Siguiendo el motivo habitual de la urbe, las aguas de la rivera también estaban teñidas de negro.

Tomás se detuvo sobre el puente de piedra y se quedó pensativo mirando el transcurso de la corriente.

—No sé si te has preguntado —rompió de pronto el cazador, con aire misterioso— qué nos ocurre a nosotros cuando perecemos.

Daniel negó con la cabeza, sus planteamientos aún no habían alcanzado ese punto. El cazador esbozó una leve sonrisa sin retirar sus ojos color miel del agua.

—Desaparecemos —respondió, haciendo una profunda pausa antes de continuar—. Del mismo modo que cuando un alma es recogida pasa a formar parte del proceso, reciclándose, cuando nosotros somos absorbidos por otro cazador nuestra esencia se disipa en el olvido por mucho que nuestro poder, recuerdos e incluso sentimientos pasen a formar parte de aquel que nos derrota. Al final, el destino de todos nosotros es acabar formando parte de estas aguas, así que no te dejes vencer por la guadaña de nadie si pretendes seguir existiendo —comentó Tomás, cabizbajo.

—Entonces, cuando un alma es recogida, se recicla... pero ¿es posible volver a verla? Quiero decir, ¿existe algún modo de visitar a esas almas? —preguntó Daniel, trastocado por el fulgor de aquella furibunda idea que se había abierto paso en el mar de confusión que eran sus pensamientos. De nuevo, el recuerdo de su madre cobraba fuerza en su mentalidad.

El cazador levantó su estudiosa mirada y la paseó durante un instante por el rostro del joven, para luego elevarla hacía la inmensidad de aquel techo de oscuridad que gobernaba la ciudad. Su ceño fruncido indicaba sin duda que aquella cuestión le pillaba de improviso, sin embargo, no tardó en responder.

—En teoría, solo en teoría, no es del todo imposible. ¿Por qué?

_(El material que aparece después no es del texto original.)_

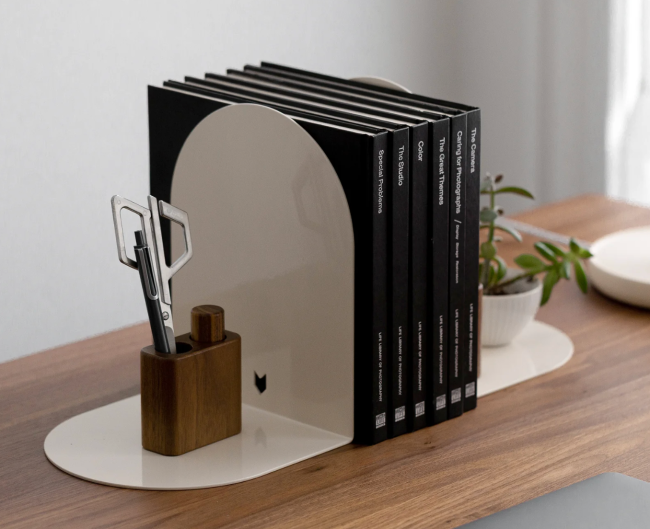 Artifox Sand Bookend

Daniel se llevó la mano derecha a su cabello para peinarse el flequillo hacia el perfil diestro de su cabeza. Estaba temblando de la emoción, y quizás si en aquel momento hubiera tenido glándulas lacrimales, habría derramado lágrimas por primera vez en demasiado tiempo.

—Mi madre falleció hace unos meses, he pensado que quizás, no sé, podría verla si está en alguna parte —contestó Daniel, afectado.

Tomás asintió y, de manera amistosa, colocó su mano derecha en el hombro de su despertado.

—Lo lamento, parece extraño, pero en este trabajo nunca te acostumbras a que muera gente, y más si mantienes algún tipo de vínculo con esas personas —profirió el cazador, comprensivo—.

Veamos, sin prometerte nada, estudiaré la situación del alma de tu madre.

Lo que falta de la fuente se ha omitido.